Walking in Cape Town's lush Kirstenbosch National Botanical Garden recently, I saw a large tortoise crossing an immaculate green lawn. The creature seemed out of place: With its dark-gray patterned shell, stumpy legs, twiggy toes, and a neck that looked like an old branch, the reptile surely belonged in a more rugged clime, among rocks and tough bushes.
It moved slowly, as if at odds with its dainty backdrop.
A young woman was watching with an anxious expression. "Is that your tortoise?" I asked.
She gave me a quick, bored look: "It's nobody's."
"You mean it lives here?"
"No," she replied, "I bring her every day."
"Ah," I said, at a bit at a loss as to how to proceed. "Where I come from they are fairly common," I ventured, "but I've never seen one here before."
Now she turned her full gaze on me and said, "Where do you come from?"
"The Great Karoo." I think I said it with a certain pride, as if it made me special.
"Oh, please," she said, her eyes darkening with sadness, "won't you take her back? I don't think she can live here. She's already declining."
The young woman told me that a traveling salesman had found the tortoise crossing the national road near Beaufort West, a small town in South Africa's Karoo (which means "place of great dryness" in one of the region's original languages, no longer spoken). The salesman had bundled her into the trunk of his vehicle on a whim, as travelers often do (contrary to law), and left her at a backpackers' lodge when he realized he couldn't care for her.

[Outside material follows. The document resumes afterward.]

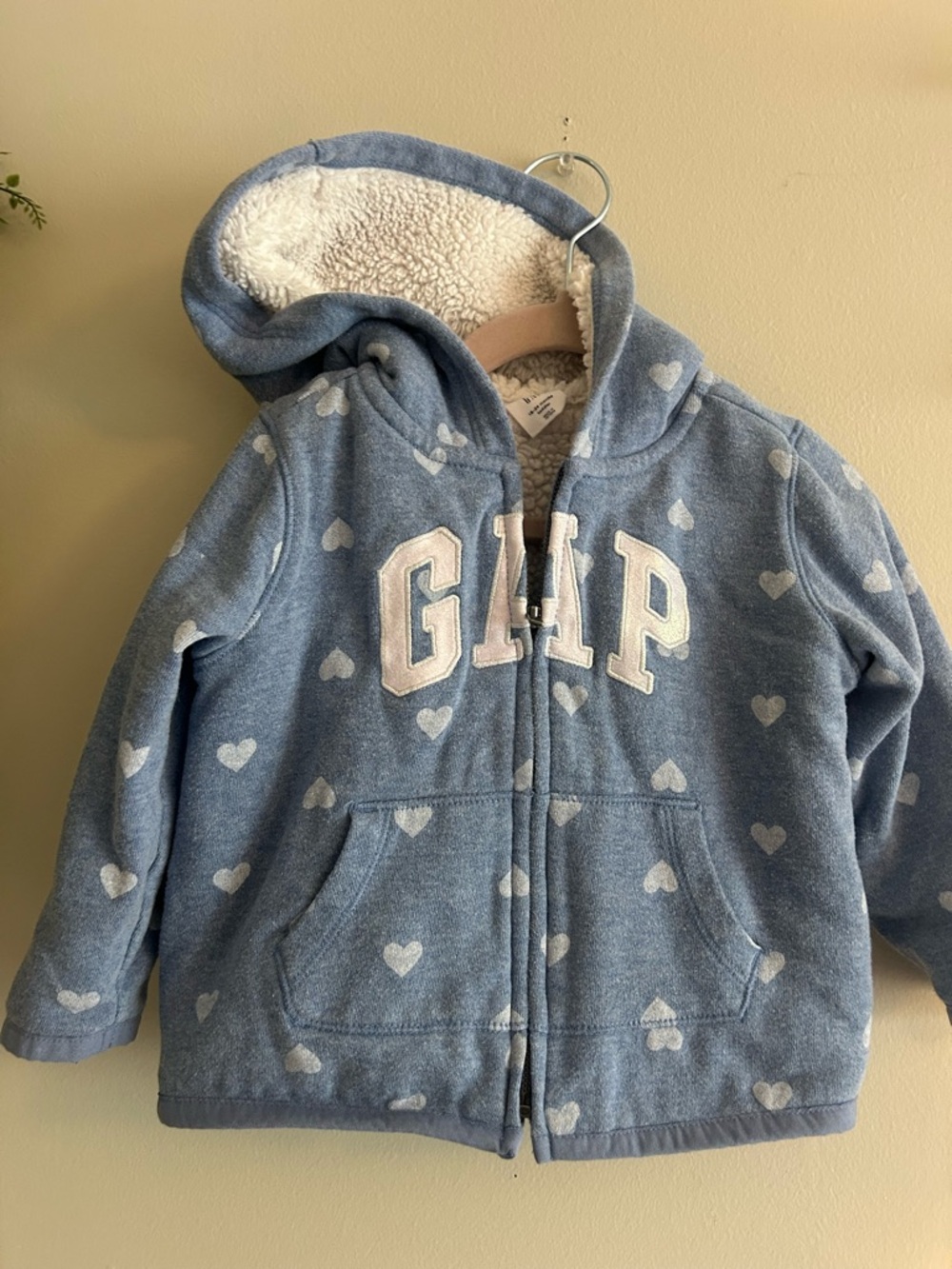 GAP Light Blue Heart Sherpa-Lined Zip Hoodie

"I feed her on greens," said the young woman, "but she doesn't eat much. This place isn't right for her." Her eyes swept the ancient buildings that surround the Garden.
I have long had an affection for tortoises - they have such an ancient, patient look - and I had to pass Beaufort West on my way home. So I happily agreed to restore the creature to her home turf.
Two days later, when my wife and I pulled up outside the backpackers' lodge, the woman was waiting on the curb with a bunch of fresh green beans and the tortoise in a large box. We put the box in the back of our old truck and the tortoise immediately withdrew her head and limbs inside her shell. The young woman was weeping and saying, "My husband is angry with me. He asked me, 'How do you know you can trust that man to take the tortoise back?' But I know I can."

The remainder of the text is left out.